The first part of this exercise asks to prove that the origin is exponentially stable. I solved this part by considering a candidate Lyapunov function $V(x) = \frac{1}{2}(x_1^2 + x_2^2)$, and proving that for $a = 2$, the inequality
$k_1||x||^a \leq V(x) \leq k_2 ||x||^a$
holds. Although I'm not really sure if this is the right way to prove it, my attempt was to consider that $\dot{V}(x)$ can be written as $\dot{V}(x) = -x^TPx$,
where P = $\begin{bmatrix}0 & 1 \\ -1 & g(t)\end{bmatrix}$,
by using the fact that $0 < k_1 \leq g(t) \leq k_2$, and by calculating the eigenvalues of P and showing that it satisfies:
$\lambda_{min}(P)x^Tx \leq x^TPx \leq \lambda_{max}(P)x^Tx$, for $k_2 \geq 2$.
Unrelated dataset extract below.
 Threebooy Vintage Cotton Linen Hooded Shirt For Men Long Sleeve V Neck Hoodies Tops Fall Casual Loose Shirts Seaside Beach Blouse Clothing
The second part of the exercise asks if the system is exponentially stable if $g(t)$ were not bounded. As an example, the exercise uses $g(t) = 2 + e^t$. From this part on, I couldn't imagine how to proceed and show that the origin (I guess) is not exponentially stable. In this specific case, how do I prove if the system is or isn't exponentially stable for $g(t) = 2 + e^t$?
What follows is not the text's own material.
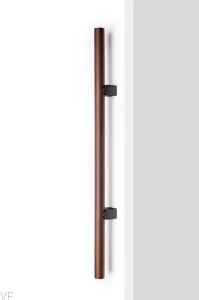 Uchwyt meblowy podłużny dwustronny Kumo Wood Big One 448 Drewniany Orzech Włoski z Aluminium Czarnym Tytanowym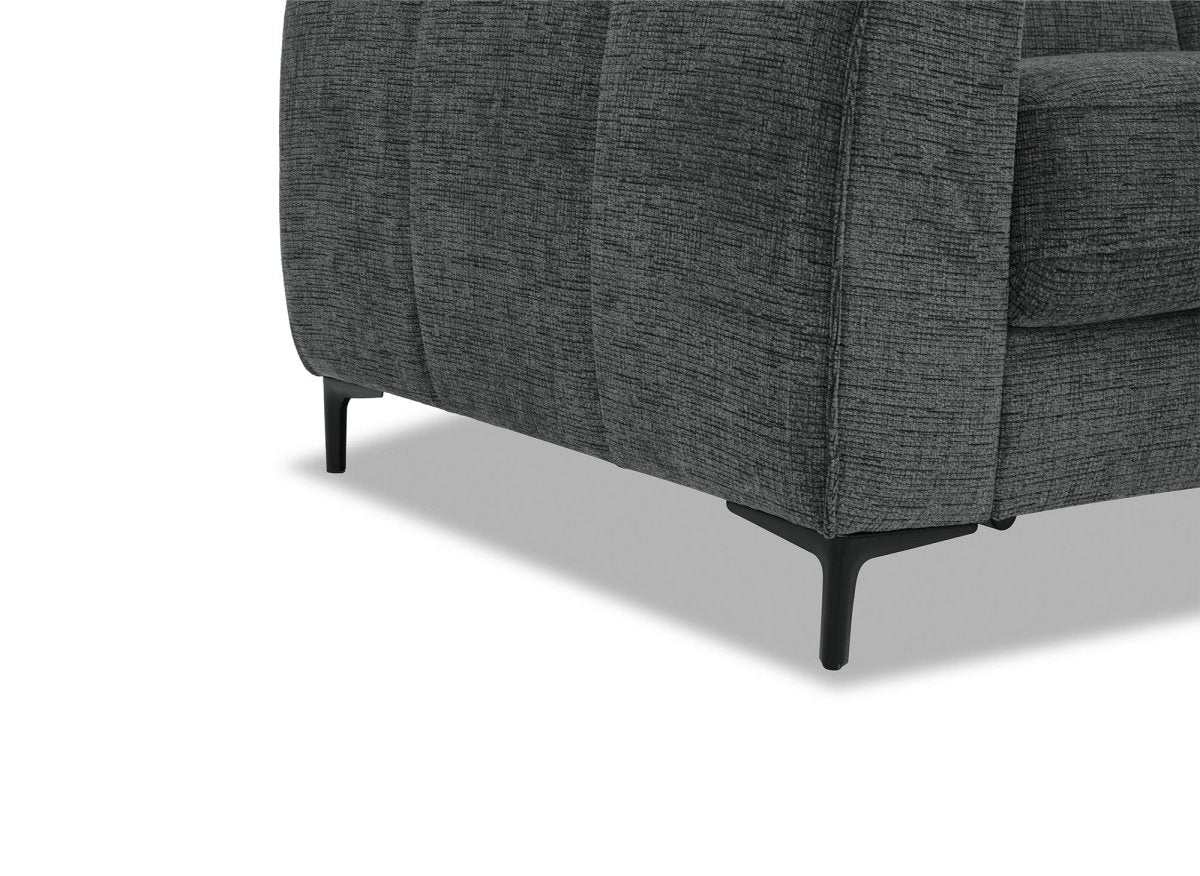 Canapé convertible express 3 places en velours texturé gris CALEB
I managed to solve this problem. By using Barbashin-Krasovskii Theorem, it is possible to determine if the origin is exponentially stable in case the following properties hold:
Looking at the Lyapunov candidate function $V(x)$, it is possible to rewrite it as $V(x) = \frac{1}{2}x^TPx$, or $V(x) = \frac{1}{2}||x||^2$. Considering the second part of Barbashin-Krasovskii Theorem, it is already possible to write it, for this problem, as:
$k_1||x||^a \leq \frac{1}{2}||x||^2 \leq k_2||x||^a$
which is true using: $k_1 = k_2 = \frac{1}{2}$ and $a = 2$. It is also valid for $0 < k_1 \leq g(t) \leq k_2$.
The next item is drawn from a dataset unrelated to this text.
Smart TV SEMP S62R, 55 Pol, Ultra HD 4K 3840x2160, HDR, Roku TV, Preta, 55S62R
For the third part, we just need $\dot{V}(x) \leq -k_3||x||^2$, since we already defined $a = 2$. By calculating $\dot{V}(x)$, we concluded that $\dot{V}(x) = -g(t)x^2_2$. Since $g(t) \leq k_2$, it is possible to rewrite $\dot{V}(x)$ as $\dot{V}(x) \leq -k_2x^2_2$. Therefore, if we choose $k_3 = k_2$, for example, the third condition of the theorem is also satisfied and the origin is exponentially stable.
For the second item of the exercise, if $g(t) = 2 + e^t$, then the system can be written as:
$\dot{x}_1 = x_2 \\ \dot{x}_2 = -x_1 - x_2(2 + e^t)$
This system has the following solution: $x_1(t) = -(1+e^{-t}), x_2 = e^{-t}$. Now, checking the provided solution for $t \rightarrow \infty$, $x_1(t)$ = -1 and $x_2(t) = 0$. This shows that the origin is not asymptotically stable, thus not exponentially stable.